Среди неверных и строптивых сотрудников Дягилева мог в любой момент оказаться Фокин. «У него тысяча претензий к Дягилеву», — отмечал Бенуа. Его вспыльчивость и амбиции будоражили администрацию Русских сезонов. «Теперь обстоятельства сложились так, что Дягилев и Фокин как будто бы форменно разошлись, — сообщал Стравинский Рериху 12 июля, вскоре после закрытия второго Сезона. — …Вот, понимаете, и выходит, что один другому должен перегрызть горло. Я счастлив, что уехал от всей этой сутолоки и омерзительной закулисной жизни. Она воняет…» Тем временем за спиной Дягилева Фокин вёл переговоры с лондонским театром Альгамбра о гастролях петербургской труппы из тридцати трёх человек. Ведущими танцовщиками он назвал самого себя и свою жену Веру Фокину. Когда он запросил баснословную сумму за этот контракт, его постигла неудача. Однако, минуя Дягилева, он смог договориться с миланским театром Ла Скала на постановку двух балетов — «Клеопатра» и «Шехеразада». Бакст, которому предстояло создать новые варианты декораций, особо отметил, что это «частное приглашение театра Ла Скала, без Дягилева».

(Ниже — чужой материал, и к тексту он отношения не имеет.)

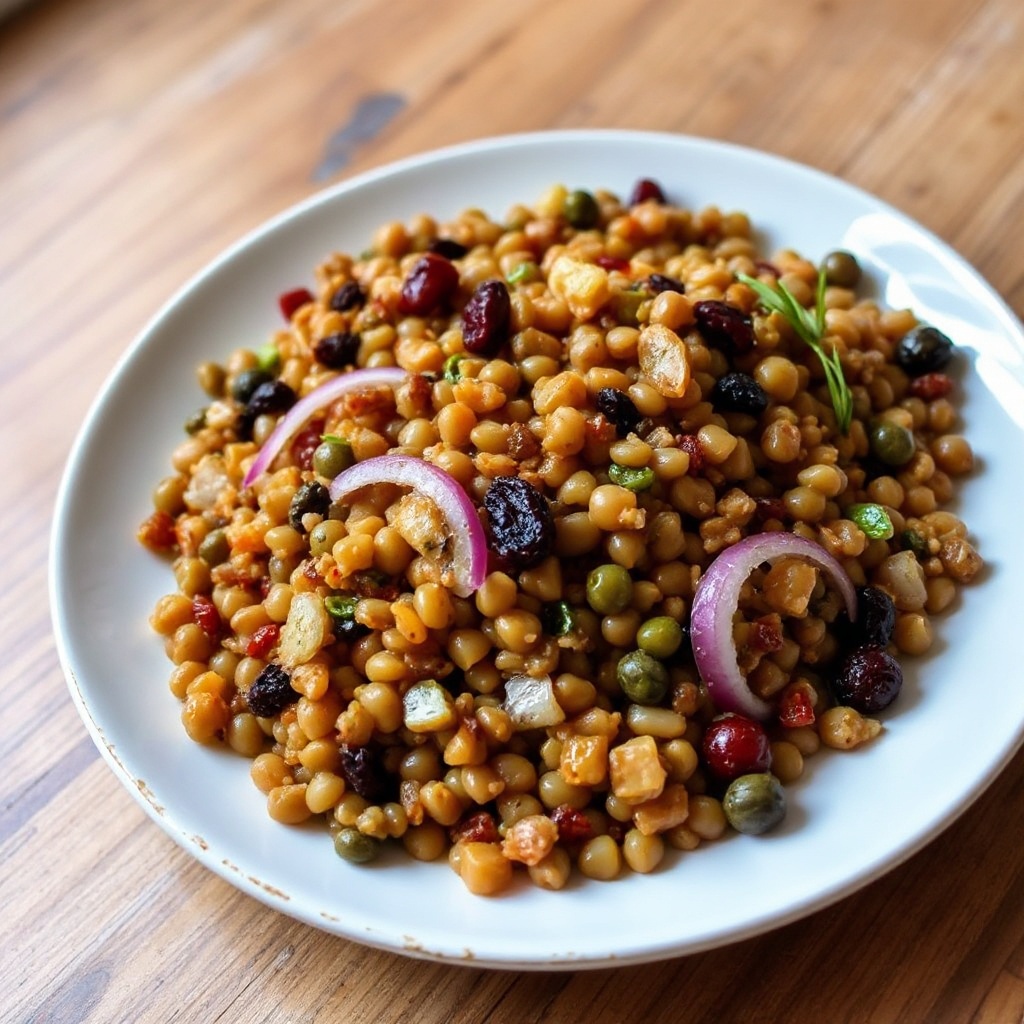 Gewürzter Linsensalat mit Rosinen und Kapern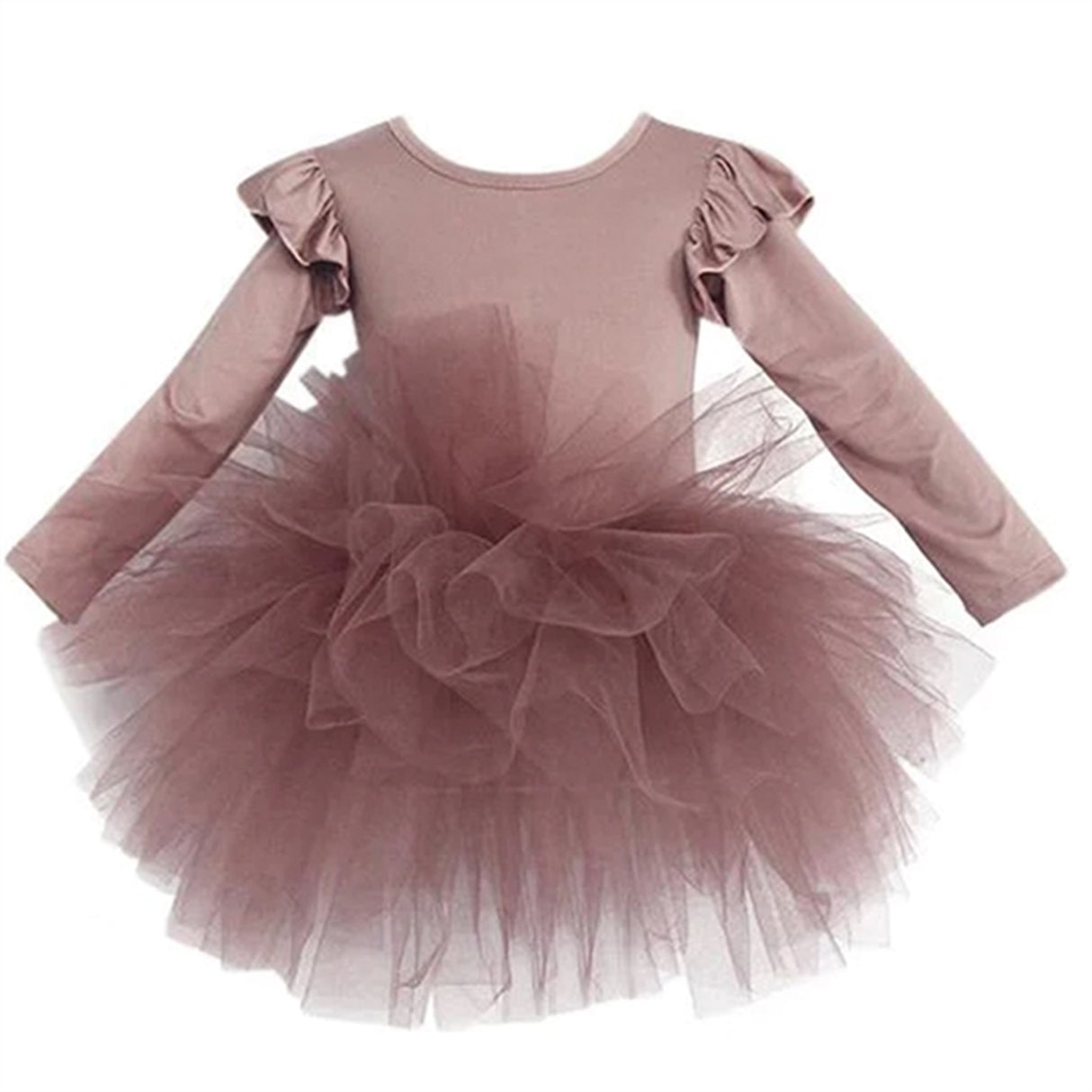 Dolly by Le Petit Tom Timeless Long Sleeve Tutu Dress Mauve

Речь шла не о гастролях, а о спектаклях, которые войдут в балетный репертуар миланского театра. Поэтому к премьерам, состоявшимся в январе 1911 года, Фокин как приглашённый хореограф смог привлечь только свою жену Веру, Иду Рубинштейн, Лидию Кякшт и танцевавшую в тот сезон в Ла Скала по контракту ещё одну звезду русской Императорской сцены Ольгу Преображенскую. В массовых сценах был задействован миланский кордебалет. Зрительный зал после премьер долго не умолкал как от свиста, так и от аплодисментов, а получасовые антракты были заняты нескончаемыми спорами о русском искусстве. Основным вниманием публики, разделившейся на два противоборствующих лагеря, завладела, конечно же, Ида Рубинштейн. Прессу Милана бросало в крайности. Относительно нейтральную точку зрения высказал обозреватель крупнейшей газеты «Коррьере делла сера»: «Синьорина Рубинштейн в этих русских балетах очень занята лежанием. В «Клеопатре» она невозмутимо покоится на ложе, которое рабы опахивают пальмовыми ветвями. В «Шехеразаде» перебирается от подушки к подушке <…> Впрочем, во втором балете она исполняет подобие нескольких коротких танцевальных па, прижимаясь к любовнику и обхватывая его тощими хищными руками и изгибая их так, что кажется вот-вот послышится хруст. Но едва её движения начинают напоминать танец и публика оживляется, сгорая от нетерпения увидеть нечто новое — «О, сейчас она станцует!» — как синьорина Рубинштейн опускается на первую попавшуюся подушку».